Use the correct mattress size to prevent your infant from suffocating between the mattress and the sides of the crib.
Share your room, not your bed, for baby's first year.
If using a baby monitor with cords, make sure all cords are out of arm's reach of your child. Never place any item in or on the crib that has cords, strings, etc. as babies can become entangled and strangle in these items. At least three feet away is where your monitor should stay.
Never place cribs or toddler beds near windows with cords from window treatments.
When your tiny human is able to pull to a standing position, set the mattress to the lowest position and remove any objects that they can step on to climb out.
I love a cool mobile, but they should be removed from the crib when baby can push up on hands and knees or pull up to standing position.
Finally, know when it's time to transition from crib to toddler bed. It's time to move your bambini to a toddler bed when he or she begins to climb out or reaches a height of 35 in.
FOR BABIES UNDER 12 MONTHS OF AGE
Normal, healthy infants should ALWAYS sleep on their backs unless otherwise advised by a pediatrician.
Only a fitted sheet, mattress pad, and/or waterproof pad should be used under baby.
Never use pillows, quilts, comforters, sheepskins, pillow-like stuffed toys, or other pillow-like products in the crib.
Do not overdress your baby. Consider using a wearable blanket or other sleep clothing as an alternative to any covering. For newborns, consider swaddling.
CAR SEAT SAFETY
All 50 states have laws that require the use of a car seat.
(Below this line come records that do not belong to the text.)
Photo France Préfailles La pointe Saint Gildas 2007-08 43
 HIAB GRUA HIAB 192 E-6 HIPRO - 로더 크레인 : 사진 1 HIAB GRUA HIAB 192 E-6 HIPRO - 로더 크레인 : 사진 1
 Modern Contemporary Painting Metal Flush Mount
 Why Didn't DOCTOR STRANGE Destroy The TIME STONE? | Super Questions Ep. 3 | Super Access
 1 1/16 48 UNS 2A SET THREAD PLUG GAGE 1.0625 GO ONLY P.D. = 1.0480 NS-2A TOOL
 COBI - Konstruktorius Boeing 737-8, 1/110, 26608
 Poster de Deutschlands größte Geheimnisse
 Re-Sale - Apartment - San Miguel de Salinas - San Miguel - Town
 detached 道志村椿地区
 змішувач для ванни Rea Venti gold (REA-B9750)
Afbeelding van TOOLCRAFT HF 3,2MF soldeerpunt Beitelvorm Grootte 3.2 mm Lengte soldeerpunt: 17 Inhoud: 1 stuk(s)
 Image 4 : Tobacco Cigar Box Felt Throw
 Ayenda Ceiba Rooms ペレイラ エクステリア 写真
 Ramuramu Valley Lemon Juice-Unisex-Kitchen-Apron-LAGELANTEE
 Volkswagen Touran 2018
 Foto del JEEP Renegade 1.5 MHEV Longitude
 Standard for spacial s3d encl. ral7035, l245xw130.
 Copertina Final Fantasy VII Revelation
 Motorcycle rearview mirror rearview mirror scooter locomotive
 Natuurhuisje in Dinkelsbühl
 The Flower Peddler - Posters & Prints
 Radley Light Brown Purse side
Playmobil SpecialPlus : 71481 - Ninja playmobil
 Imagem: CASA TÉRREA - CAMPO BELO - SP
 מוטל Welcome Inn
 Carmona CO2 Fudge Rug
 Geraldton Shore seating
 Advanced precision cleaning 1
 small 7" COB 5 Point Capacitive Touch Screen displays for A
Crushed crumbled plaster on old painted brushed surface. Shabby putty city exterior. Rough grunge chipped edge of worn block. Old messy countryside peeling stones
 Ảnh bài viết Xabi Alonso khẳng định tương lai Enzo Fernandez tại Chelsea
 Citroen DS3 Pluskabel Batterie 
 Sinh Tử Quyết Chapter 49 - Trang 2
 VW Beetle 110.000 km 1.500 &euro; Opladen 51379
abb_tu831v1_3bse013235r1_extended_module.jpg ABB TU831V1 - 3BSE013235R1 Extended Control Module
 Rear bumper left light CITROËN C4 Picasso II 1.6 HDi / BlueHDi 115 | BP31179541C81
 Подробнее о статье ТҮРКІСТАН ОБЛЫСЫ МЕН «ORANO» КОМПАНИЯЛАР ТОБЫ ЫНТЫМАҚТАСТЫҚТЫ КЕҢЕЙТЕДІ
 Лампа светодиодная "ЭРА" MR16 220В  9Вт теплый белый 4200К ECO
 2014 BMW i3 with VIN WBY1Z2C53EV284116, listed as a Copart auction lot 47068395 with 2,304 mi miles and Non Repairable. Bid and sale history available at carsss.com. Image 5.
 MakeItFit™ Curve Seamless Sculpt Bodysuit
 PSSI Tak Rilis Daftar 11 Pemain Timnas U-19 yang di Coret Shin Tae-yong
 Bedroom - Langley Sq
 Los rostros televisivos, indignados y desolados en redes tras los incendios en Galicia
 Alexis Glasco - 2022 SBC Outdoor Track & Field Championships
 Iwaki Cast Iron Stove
All car seats manufactured today are designed to meet stringent safety standards set by the federal government.
Your baby should ride rear-facing until they reach the max weight or height specified by the car seat manual.
Kiddos that no longer meet the rear-facing limits should ride in a forward facing car seat that has a harness.
If your child has out grown the forward facing car seat limits, they should ride in a booster seat.
Follow the car seat instructions for proper use and your state law and register your car seat with the manufacturer.
The safest spot for children under the age of 13 is the back seat.
Do not use a car seat or a booster seat that is second-hand, has been involved in a car crash, or is missing the manufacturer's label.
Don't forget to register your car seat.
Did you know that car seats expire? Honestly, this was something that I just learned. Check your labels and instructions for the expiration date.
During air travel, taking your child's car seat is recommended.
FURNITURE TIP-OVER SAFETY
According to the U.S. Consumer Product Safety Commission (CPSC), approximately four children under the age of six die every year because furniture tip-over accidents, and another five are killed when unsecured furniture plus a tv fall. Lessen the risk of furniture tip-over incidents by doing the following.
Secure all chests, dressers and bookshelves to the wall. New furniture should come with tip restraint hardware, however if you need if for older furniture, it can be found in the baby-proofing section of hardware and baby retailers.
Anchor at the same time you perform other baby-proofs such as cover outlets, lock cabinets and gate the stairs.
Keep remote controls, toys and other potentially enticing items off the tops of TVs and furniture where children can see but not reach them.
Wall-mounted flat screen TVs are recommended for optimal safety. If your TV cannot be wall mounted, place on low and sturdy pieces that were designed for TVs. Anchor the TV to the wall or the furniture.